**INSTRUCTIONS TO FOLLOW**
Below is a listing from which only part is wanted; return exactly the lines from the one with "ByMeldev Raindrops Skirt" up to and including the one with "Velvet Halter Maxi".

**DATA EXCERPTS**
=== Begin Enclosure ===

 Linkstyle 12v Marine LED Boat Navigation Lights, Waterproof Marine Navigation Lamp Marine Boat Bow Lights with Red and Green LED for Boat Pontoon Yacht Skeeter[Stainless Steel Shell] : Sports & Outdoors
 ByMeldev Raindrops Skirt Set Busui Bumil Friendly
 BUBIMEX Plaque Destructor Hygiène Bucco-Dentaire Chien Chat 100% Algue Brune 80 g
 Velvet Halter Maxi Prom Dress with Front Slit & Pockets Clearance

=== End Enclosure ===
=== Begin Enclosure ===

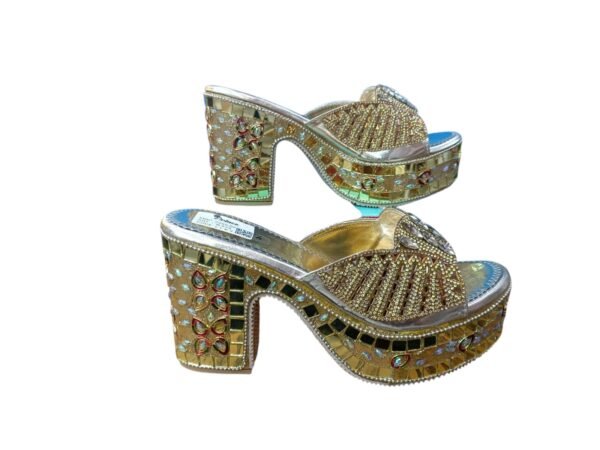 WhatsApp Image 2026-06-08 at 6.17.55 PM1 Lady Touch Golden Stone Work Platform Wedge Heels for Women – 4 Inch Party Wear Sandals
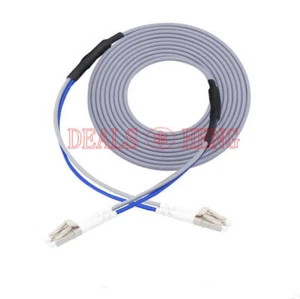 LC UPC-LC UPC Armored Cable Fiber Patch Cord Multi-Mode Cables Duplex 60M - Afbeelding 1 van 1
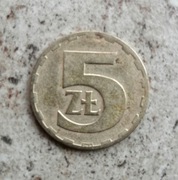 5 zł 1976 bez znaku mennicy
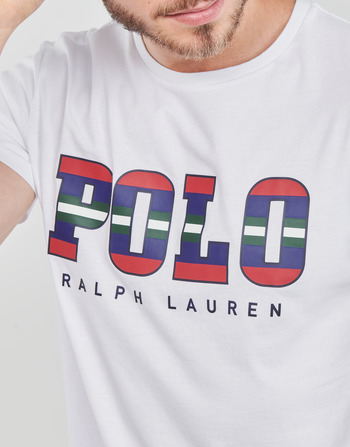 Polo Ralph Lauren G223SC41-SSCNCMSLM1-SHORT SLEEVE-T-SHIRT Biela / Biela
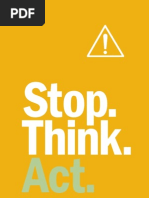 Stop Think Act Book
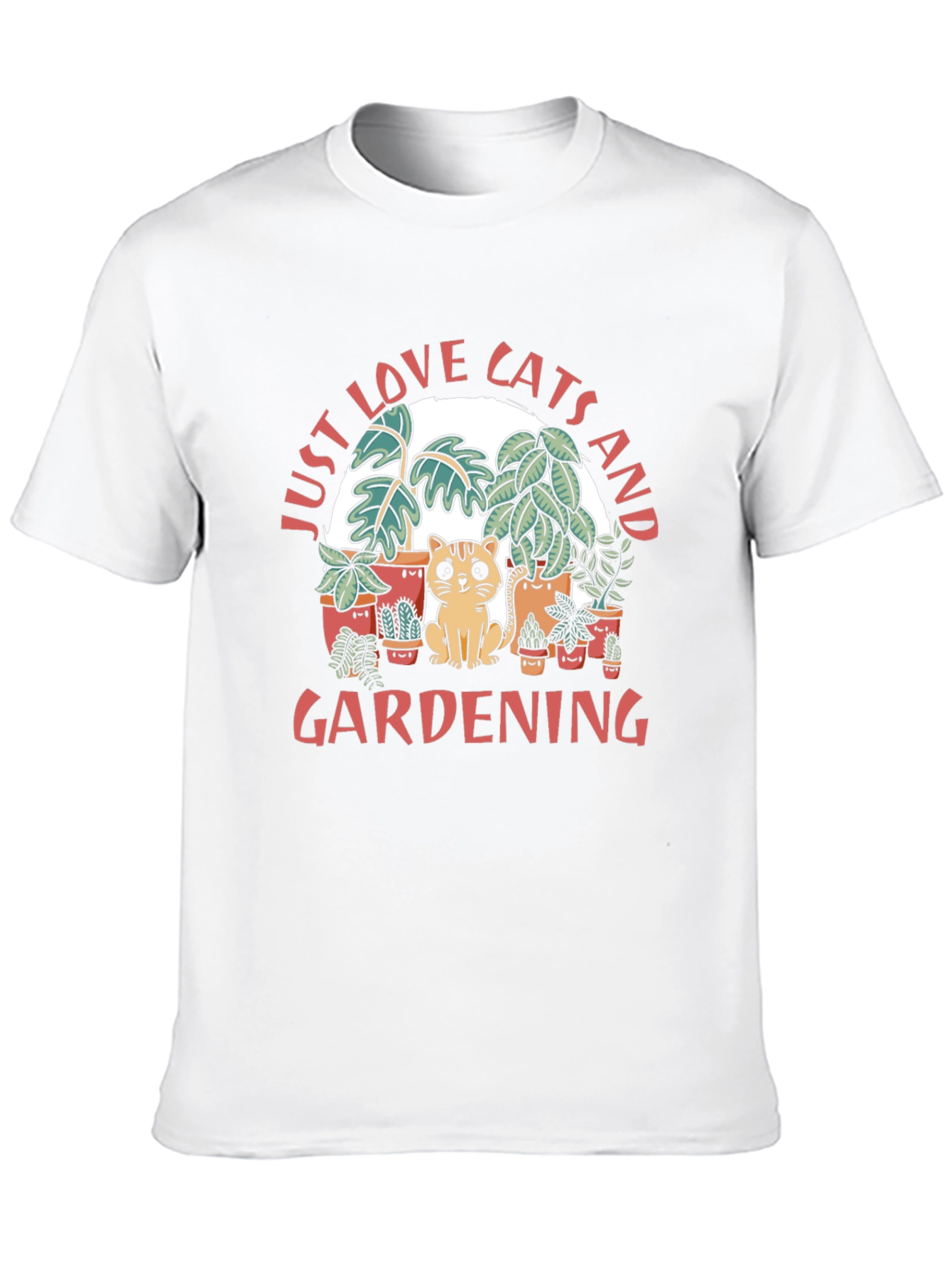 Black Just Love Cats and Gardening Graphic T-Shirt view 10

=== End Enclosure ===

**REPLY**
 ByMeldev Raindrops Skirt Set Busui Bumil Friendly
 BUBIMEX Plaque Destructor Hygiène Bucco-Dentaire Chien Chat 100% Algue Brune 80 g
 Velvet Halter Maxi Prom Dress with Front Slit & Pockets Clearance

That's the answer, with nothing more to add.